The reason the reader needn’t worry what will happen next comes from a quirk of the novel’s structure. It loops around itself, a scene in the present leading directly into its antecedent. The reader learns that two characters are married, then reads through a backtracking tale of their meeting. There’s no “will they or won’t they” because, of course, they will. This gives the novel a deflated, after-the-fact quality. When I look for suspense in a work of literary fiction, I’m not looking to be scared, but to be actively involved in what might happen, to be looking for ways in, to be tying details together in my head. There was no opportunity for that kind of pleasurable work here. Every page was a controlled, closed experience.

This is truly a pet peeve and not a true criticism (I think) but it drove me nuts that the characters in this novel were constantly, until the very end, referred to by their full first and last names. There were not a lot of people in play in this book–there were no repeated names–there is absolutely no reason I could see to read constantly about Ethan Figman, Ash Wolf, and Jonah Bay rather than Ethan, Ash, and Jonah. They were also constantly qualified by their most salient physical traits. Ethan was referred to, over and over again, as “ugly,” Ash as “delicate,” Jonah as “beautiful”–and, worst of all–Robert as “Japanese-American.” I mean, if a character is named Robert Takahashi, do we really need to have it explained even once that he is of Japanese descent? I won’t count the number of times, but I don’t have to–I think calling a character “ugly” more than once is a problem. After the first time I’m introduced to a character, I get a picture of him or her in my head. Sure, the writer can add to that over the book, but he or she should be ADDING to it, not repeating the same exact description. It seemed like a huge waste of words to me.
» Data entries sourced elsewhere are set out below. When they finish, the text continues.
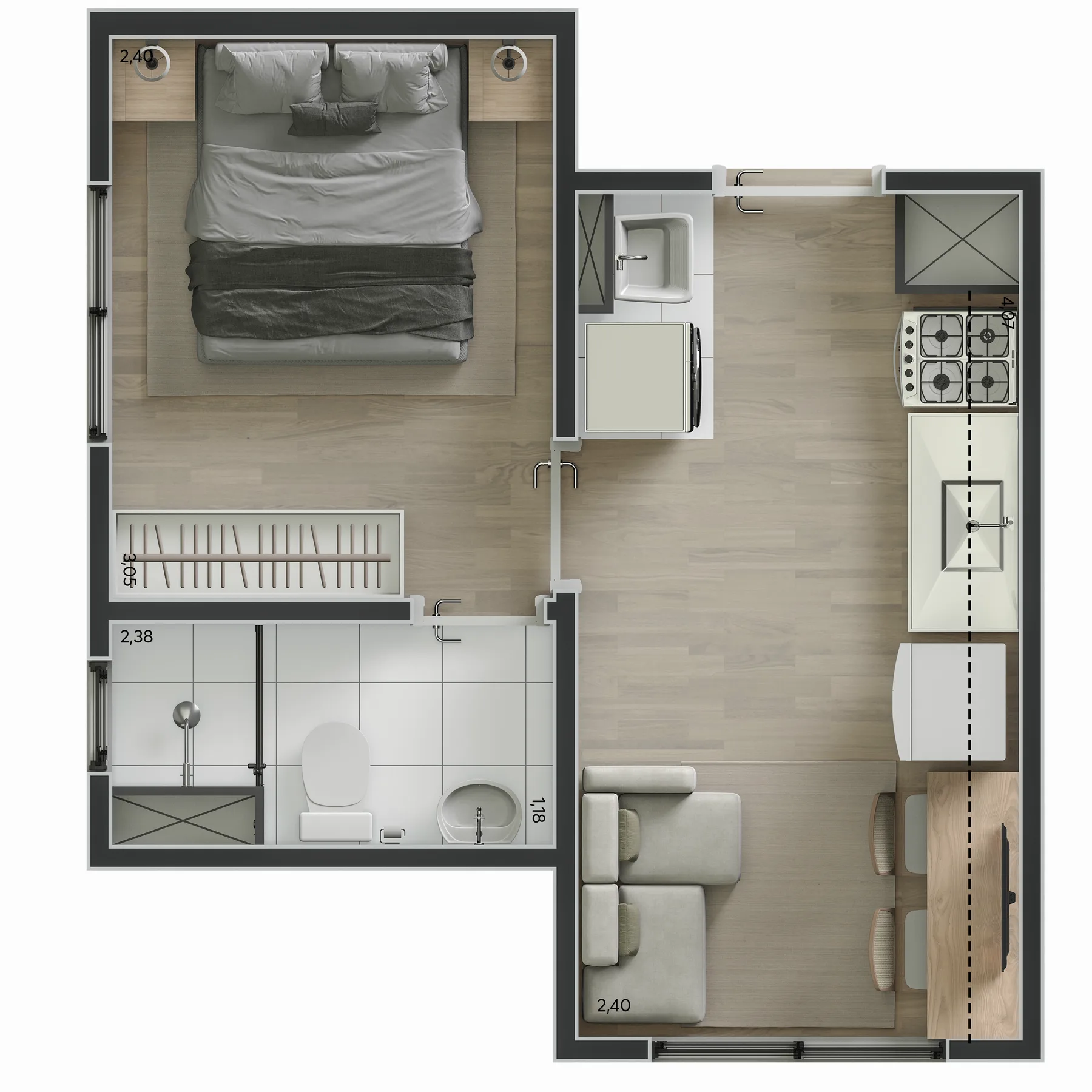 Planta do Livus Cupecê em Cupecê — 1 dormitório, 24,52 m²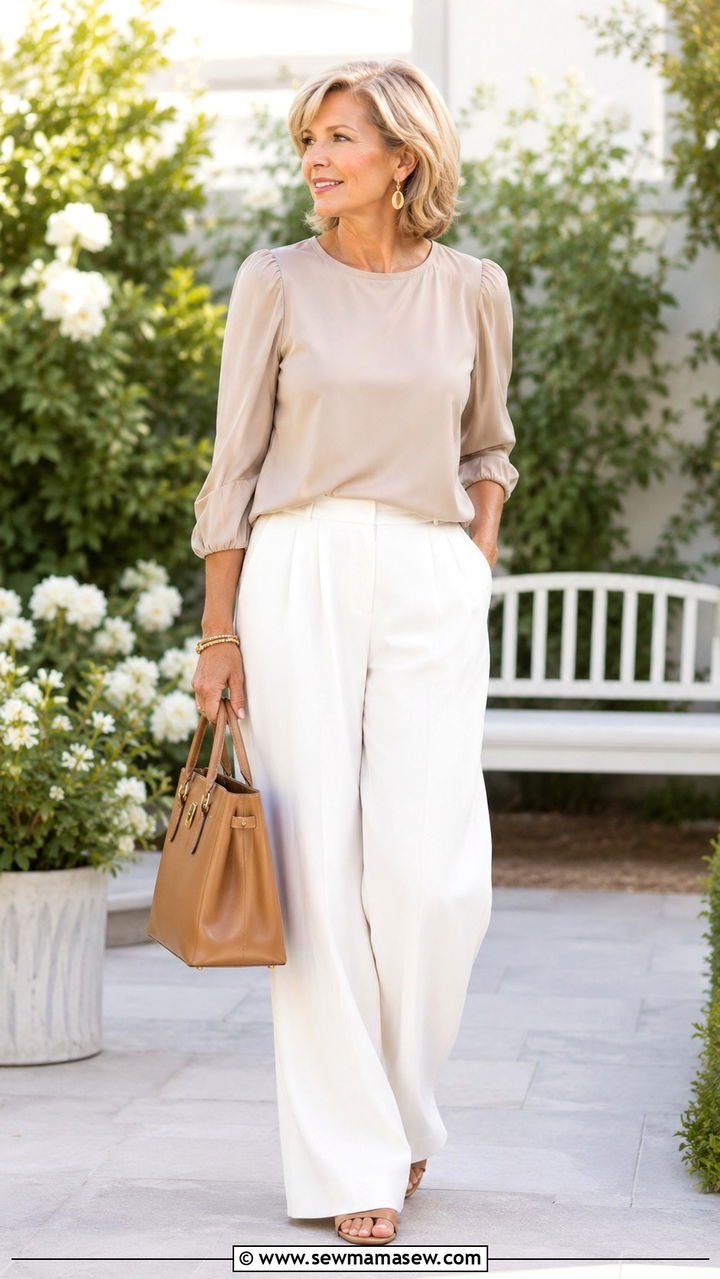 Soft Beige Blouse And White Wide Leg Trousers - 30 Minimalist outfit ideas for women over 50
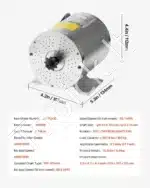 3000 W 72 V bešepetėlis elektrinio dviračio variklis – 4900 aps./min, 5,5 N·m sukimo momentas - Image 2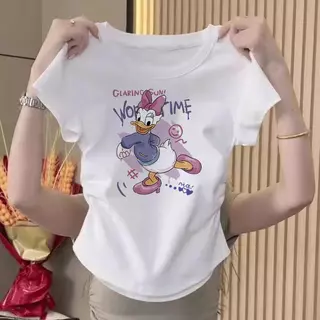 [S-XL มีหลายขนาด] เสื้อยืดคอกลมแขนสั้นเข้ารูปพิมพ์ลายการ์ตูนแฟชั่นสาวฮอตสำหรับฤดูร้อน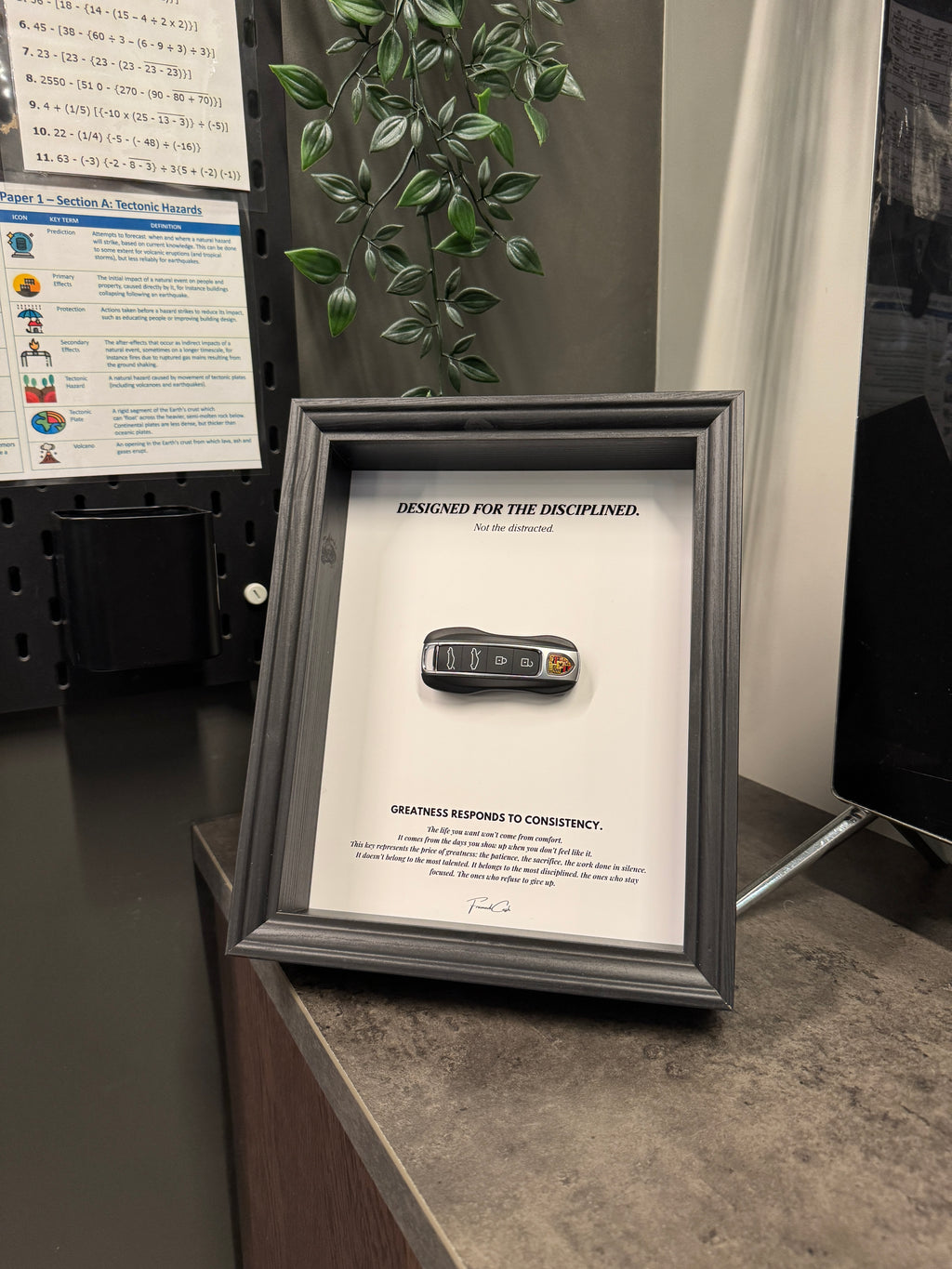 Designed for the Disciplined | Motivational Porsche Key Frame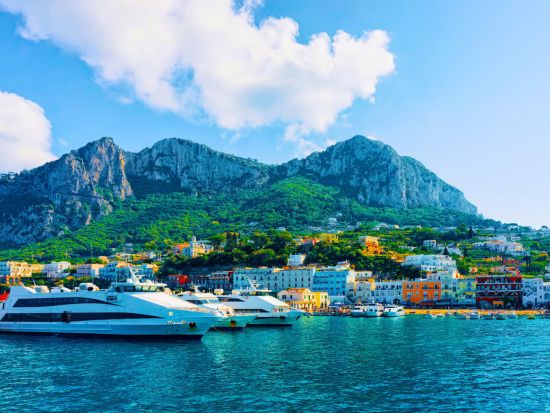 カプリ島クルージングツアー　海水浴も楽しめる少人数制ツアー＜4～10月／英語／ナポリ発＞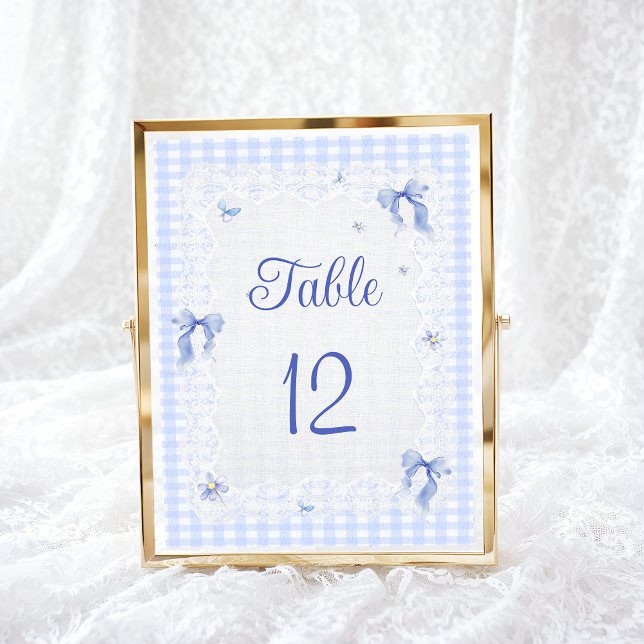 Blue Wildflower Floral  Bow Gingham Table Number (Skapare uppladdad)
This is also a personal preference and would have deterred me from picking up this book had I not read a whole bunch of really good things about it before buying it, but the fact that the novel took place over forty or so years without being particularly long and without skipping over any large swathes of time seemed problematic. Covering that much time meant that lots happened in summary.  For example, the dramatic break up of one of the book’s central relationships, which almost caused a mirrored implosion in another one, is resolved in half of a sentence. They just got back together, somewhere off the page. After the whole novel had been leading up to the reason they split. Another example is that, near the start of the book, it is casually mentioned that a child is on the autism spectrum; this fact surfaces as a major plot point later in the book but is completely robbed of its power because the reader already knew, a long, long time ago. These interpersonal dramas were most important in the book, but other issues that were explored included: rape, divorce, AIDS, clinical depression, autism, class, feminism, wealth-inequality, child labor, cancer, LSD, child abuse, the Moonies and–seriously–much more. There was a moment when I absolutely swear she almost made Jules’s daughter transgender; I bet there is a draft out there in which that happened. Too much! All of these issues coexist in real life, but when they coexist in a not-very-long book, none of them can possibly be given enough attention and weight.

So there it is. I’m sure–I know–many people disagree with me about this one. I’m happy this book its champions.